1Establishment of the Scottish Civil Justice Council

There is to be a body to be known as the Scottish Civil Justice Council (“the Council”).

Functions and powers

2Functions of the Council

(1)The functions of the Council are—

(a)to keep the civil justice system under review,

(b)to review the practice and procedure followed in proceedings in the Court of Session and in civil proceedings in the sheriff court,

(c)to prepare and submit to the Court of Session draft civil procedure rules,

(d)to provide advice and make recommendations to the Lord President on the development of, and changes to, the civil justice system, and

(e)to provide such advice on any matter relating to the civil justice system as may be requested by the Lord President.

(2)In carrying out its functions under this Act, the Council must have regard to—

(a)the principles in subsection (3), and

(b)any guidance issued by the Lord President.

(3)The principles are—

(a)the civil justice system should be fair, accessible and efficient,

(b)rules relating to practice and procedure should be as clear and easy to understand as possible,

(c)practice and procedure should, where appropriate, be similar in all civil courts, and

(d)methods of resolving disputes which do not involve the courts should, where appropriate, be promoted.

(4)For the purposes of this Part, “draft civil procedure rules” are draft rules which relate to a matter in subsection (5).

(5)Those matters are—

(a)any matter relating to a court within the remit of the Council which the Court of Session may regulate by act of sederunt,

(b)any matter relating to a court within the remit of the Council in anticipation of the Court of Session being given power to regulate the matter by act of sederunt, or

(c)any matter relating to a proposed court in anticipation of—

(i)the court being established and added to the remit of the Council, and

(ii)the Court of Session being given power to regulate the matter by act of sederunt.
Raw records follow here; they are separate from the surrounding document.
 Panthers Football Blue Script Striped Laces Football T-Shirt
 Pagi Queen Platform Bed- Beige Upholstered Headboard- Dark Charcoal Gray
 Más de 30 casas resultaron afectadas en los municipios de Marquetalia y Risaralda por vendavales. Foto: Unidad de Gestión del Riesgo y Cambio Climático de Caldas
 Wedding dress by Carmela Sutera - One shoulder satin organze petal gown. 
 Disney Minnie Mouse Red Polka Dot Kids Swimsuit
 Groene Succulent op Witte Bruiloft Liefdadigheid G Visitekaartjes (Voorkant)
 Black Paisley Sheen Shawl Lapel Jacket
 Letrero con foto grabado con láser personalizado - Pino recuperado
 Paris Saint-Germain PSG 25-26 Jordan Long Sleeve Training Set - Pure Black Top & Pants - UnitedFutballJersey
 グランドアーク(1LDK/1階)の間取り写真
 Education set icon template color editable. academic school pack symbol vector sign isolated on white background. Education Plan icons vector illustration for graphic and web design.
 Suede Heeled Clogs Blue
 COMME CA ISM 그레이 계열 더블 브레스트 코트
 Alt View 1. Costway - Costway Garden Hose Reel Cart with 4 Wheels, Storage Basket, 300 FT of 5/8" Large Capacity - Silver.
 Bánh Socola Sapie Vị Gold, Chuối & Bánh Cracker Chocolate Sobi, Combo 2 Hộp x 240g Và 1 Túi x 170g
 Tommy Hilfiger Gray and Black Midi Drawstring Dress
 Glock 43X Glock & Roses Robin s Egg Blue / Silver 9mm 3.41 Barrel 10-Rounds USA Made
(6)The courts within the remit of the Council are—

(a)the Court of Session, and

(b)the sheriff court.

3Powers of the Council

(1)The Council may take such action as it considers necessary or desirable in pursuance of its functions.

(2)In particular, the Council may—

(a)have regard to proposals for legislative reform which may affect the civil justice system,

(b)have regard to the criminal justice system and its effects on the civil justice system,

(c)consult such persons as it considers appropriate,

(d)co-operate with, and seek the assistance and advice of, such persons as it considers appropriate,

(e)make proposals for research into the civil justice system,

(f)provide advice and make recommendations to the Scottish Ministers on the development of, and changes to, the civil justice system, and

(g)publish any recommendation it makes.

4Court of Session to consider rules

(1)The Court of Session must consider any draft civil procedure rules submitted to it by the Council and may—

(a)approve the rules,

(b)approve the rules with such modifications as it considers appropriate, or

(c)reject the rules.

(2)Where the Court of Session approves draft civil procedure rules (with or without modification) it must embody the approved rules in an act of sederunt.

(3)Nothing in this Part affects the powers of the Court of Session to prepare or make rules which relate to a matter in section 2(5).

5Annual programme and report

(1)The Council must prepare an annual plan setting out its objectives and priorities for each yearly period beginning on 1 April before the start of that period (“the programme”).

(2)The Council must prepare an annual report on its activities as soon as reasonably practicable after the end of each yearly period ending on 31 March (“the report”).

(3)The report must include a summary of the recommendations made (if any) by the Council during the period covered by the report.

(4)The Council must lay a copy of the programme and the report before the Scottish Parliament.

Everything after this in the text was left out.